- Born: Kathryn Anderson March 20, 1908 San Francisco, California, U.S.
- Died: May 15, 1966 (aged 58) San Francisco, California, U.S.
- Resting place: Holy Cross Catholic Cemetery, Colma, California, U.S.
- Occupations: Writer; memoirist;
- Spouse: Robert McLean
- Children: 2
- Parent: Lee Ellis Anderson (father)
- Writing career
- Pen name: Kathryn Forbes

= Kathryn Forbes =

Pen name for Kathryn McLean, American writer (1908–1966)

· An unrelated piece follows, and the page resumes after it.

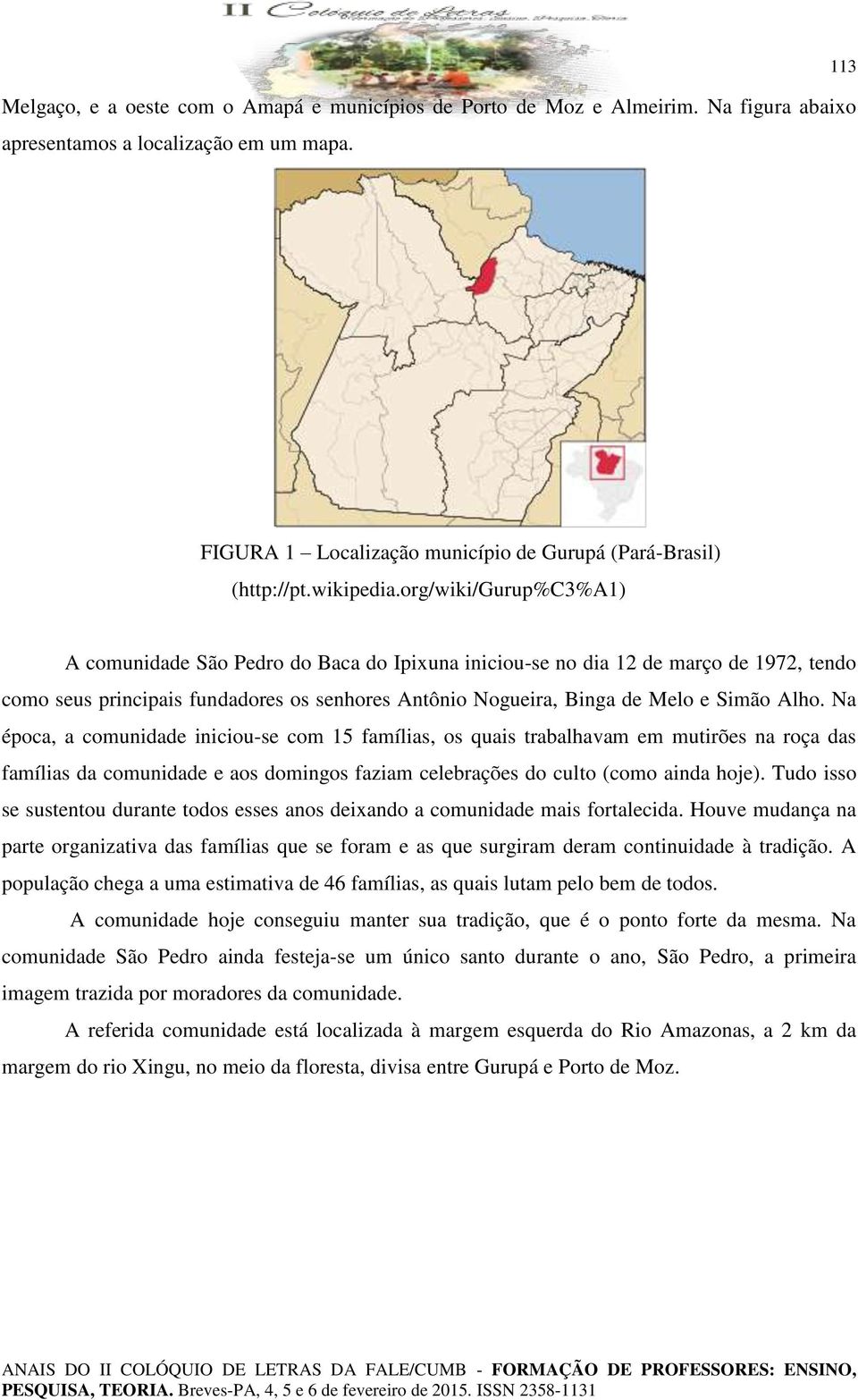 org/wiki/gurup%c3%a1) A comunidade São Pedro do Baca do Ipixuna iniciou-se no dia 12 de março de 1972, tendo como seus principais fundadores os senhores Antônio Nogueira, Binga de Melo e Simão Alho.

Kathryn McLean (née Anderson) (March 20, 1908 – May 15, 1966), best known by her pen name Kathryn Forbes, was an American writer and memoirist.

==Life==
Kathryn Anderson was born in San Francisco in 1908. Her parents moved to America in the late 1800s which made her a native-born American. Kathryn married Robert McLean, a carpenter, with whom she had two sons.

==Work==
Forbes was a radio scriptwriter before she began writing short stories. Mama's Bank Account, her best-known work, was published in 1943 and revolved around the daily struggles and aspirations of a Norwegian family living in San Francisco in the 1910s. Mama was based on her grandmother.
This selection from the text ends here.